MLIR Frontend API
The MLIR frontend API lets you provide MLIR source code as a string and compile it through Proteus at runtime. It is intended for users who already produce MLIR or want direct access to Proteus's MLIR lowering path.
Unlike the annotation interface, this path does not require compiling the application with Clang. The application can be built with any compatible compiler because Proteus parses and lowers the MLIR source at runtime.
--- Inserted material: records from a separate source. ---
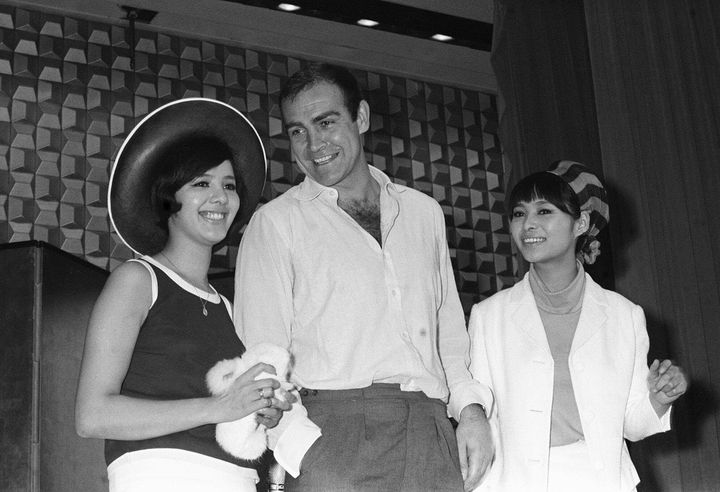 映画「007」の日本ロケ撮影で来日し、記者会見するジェームズ・ボンド役のショーン・コネリーさん（中央）と共演の浜美枝さん（左）、若林映子さん（1966年7月、東京・千代田区の東京ヒルトンホテル） 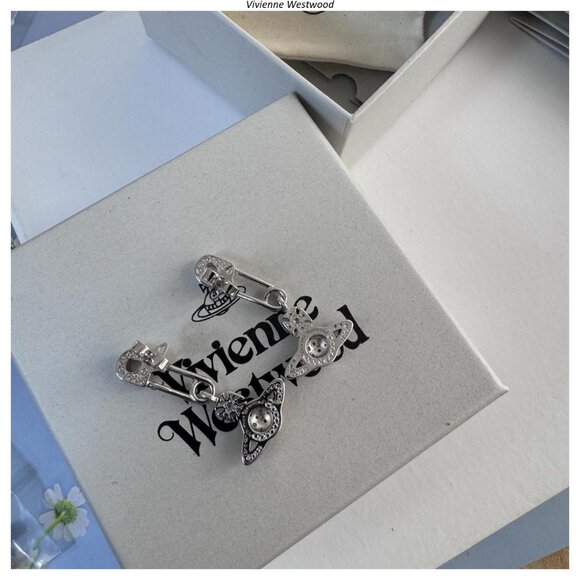 Vivienne Westwood Jewelry - Picture 2 of 5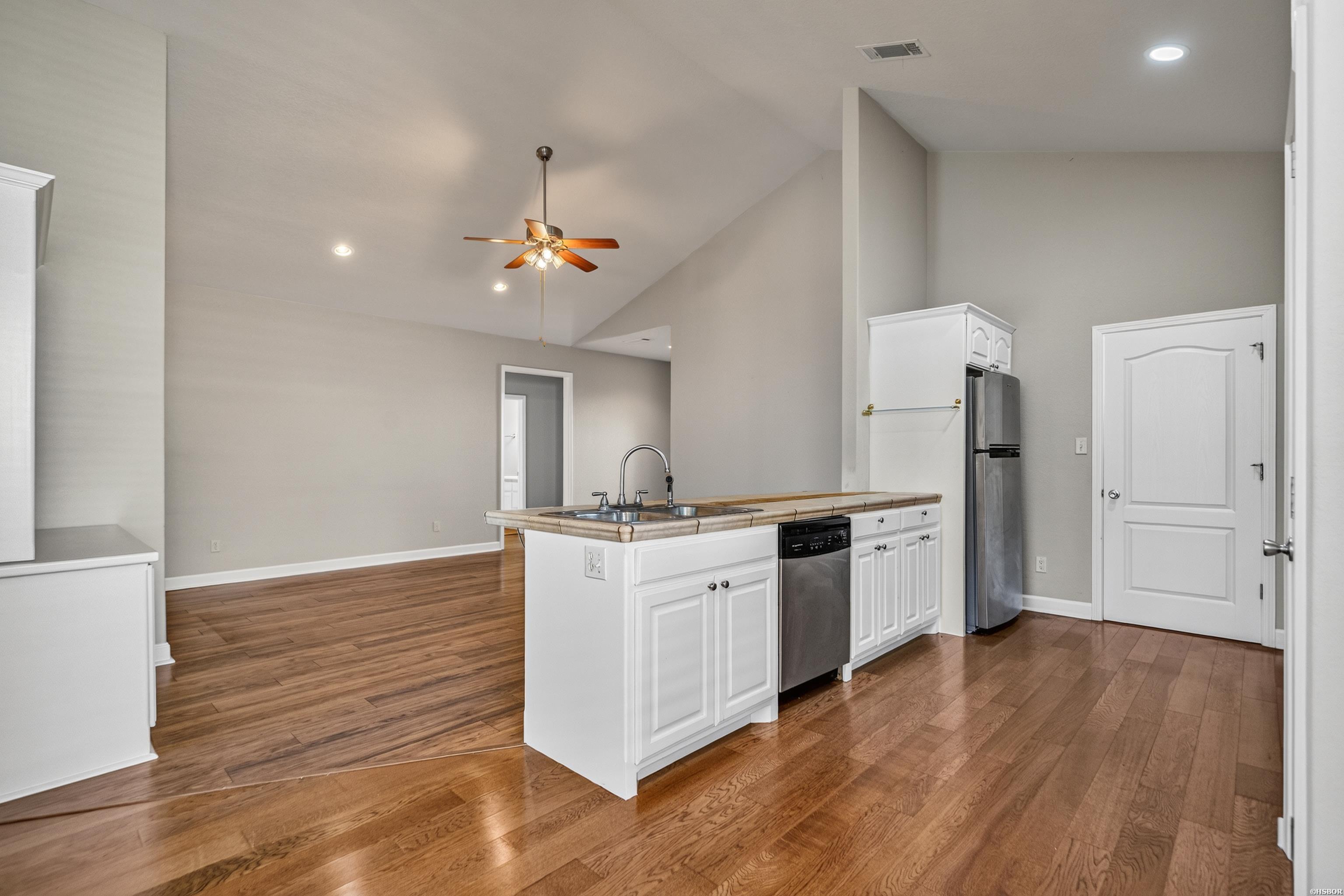 307 LAKESIDE Road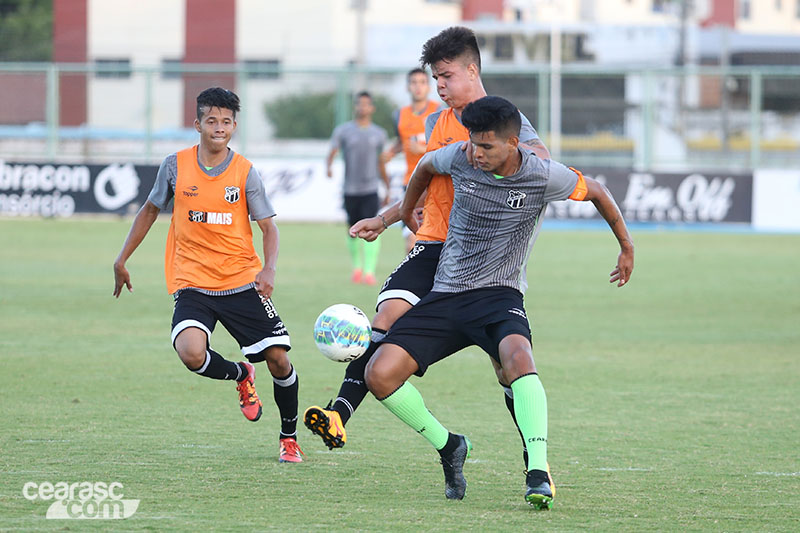 [14-11-2016] Sub-20 se prepara para a Copa do Nordeste - 17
If you want to provide C++ source strings instead of MLIR, see the C++ frontend API. If you want to construct IR programmatically rather than provide source strings, see the DSL API.
Overview
MLIRJitModule is constructed from a target string plus the MLIR source code:
- target
"host","cuda", or"hip" - source text containing a top-level MLIR
module
For host targets, retrieve entry points with getFunction() and execute them
with run().
For CUDA and HIP targets, retrieve GPU entry points with getKernel() and
launch them with grid dimensions, block dimensions, dynamic shared memory size,
stream, and kernel arguments.
Host Example
Here is a minimal host example that compiles an MLIR function and calls it from C++:
#include <proteus/MLIRJitModule.h>
using namespace proteus;
static constexpr const char *Code = R"mlir(
module {
func.func @add(%a: i32, %b: i32) -> i32 {
%sum = arith.addi %a, %b : i32
return %sum : i32
}
}
)mlir";
MLIRJitModule Module{"host", Code};
auto Add = Module.getFunction<int(int, int)>("add");
int Result = Add.run(40, 2);
The function name passed to getFunction() must match the MLIR symbol name.
GPU Example
GPU modules use gpu.module and gpu.func operations.
The top-level module must be a GPU container module, and device lowering expects
exactly one top-level gpu.module.
The gpu.module symbol name is not significant.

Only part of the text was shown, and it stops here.